Allen doesn’t seem to care. In fact he’s generally rude to Alison. But a fuse has been lit inside him.
Health problems afflict his own house when his mother suffers a stroke. Suddenly the former golden boy of the boom does a u-turn, deciding to hack into the bank’s encrypted files.
In an act of angry recklessness he reverses every decision that’s been made in the last five years regarding failed loan applications, giving them the green light instead.
This is an engrossing film full of atmospheric silences, Pinteresque pauses, confusing flashbacks and a shocking killing. There’s a mesmerising Tom Waits-style soundtrack from Mick Flannery.

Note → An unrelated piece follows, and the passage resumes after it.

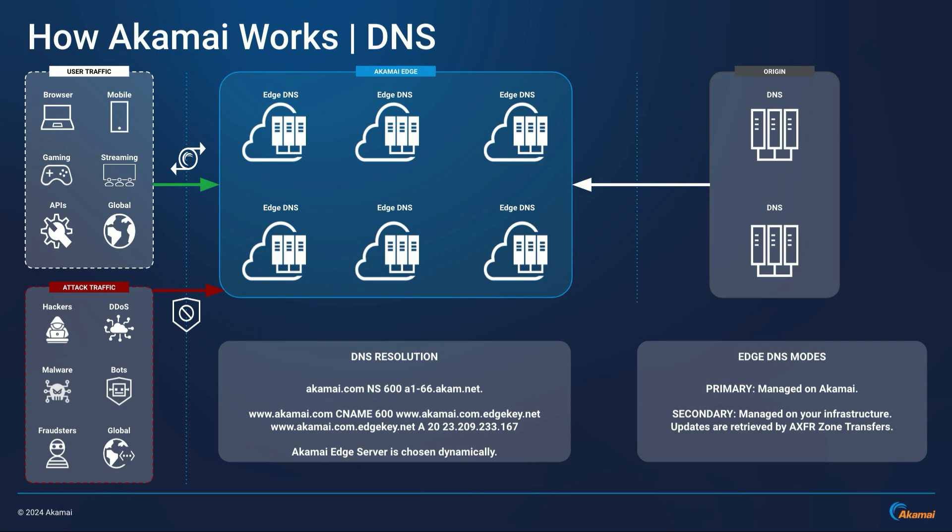And this is where the Akamai magic happens. Akamai edge servers are chosen dynamically based on a variety of factors, such as the actual server closely located and the best performing one for the end user. And this is how users all around the world can have a high-performing and fast experience.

It’s the directorial debut of Charlestown native Alan Mulligan, a bank official himself in a previous incarnation. He also had a hand in the producing and writing. He builds the tension towards Allen’s meltdown inspiringly.

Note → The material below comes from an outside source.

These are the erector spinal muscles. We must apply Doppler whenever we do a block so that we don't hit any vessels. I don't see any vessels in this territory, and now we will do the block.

O’Fuarain is like the young Brando, a powder keg waiting to explode. Sarah Carroll is equally impressive as Alison, a woman both intrigued and mystified by him as he embarks on his mission. When she cottons on to it, the plot takes a very interesting twist.
See this at all costs. It doesn’t make for easy viewing. Mulligan mixes scenes of trauma and sensitivity seamlessly as the film hurtles towards its climax, i.e. the day when the bank discovers its files have been surreptitiously doctored.
There’s a lot of pain on view but Mulligan doesn’t wallow in it. He just presents it as a fact of life for his beleaguered cast. They keep a tight rein on their emotions for most of the time but the tension is palpable. It’s like an elastic band waiting to snap.
I wasn’t familiar with either Carroll or O’Fuarain before I saw this but I’ll be looking out for them from now on. With a script that’s pared to the bone and a directing style that mirrors its minimalism, they capture the dark core of their characters without any special pleading. That makes the quiet final moments of the film resonate even more forcibly.
Mulligan said Nicholas Winding Refn’s Drive influenced it. See that too. It’s equally haunting.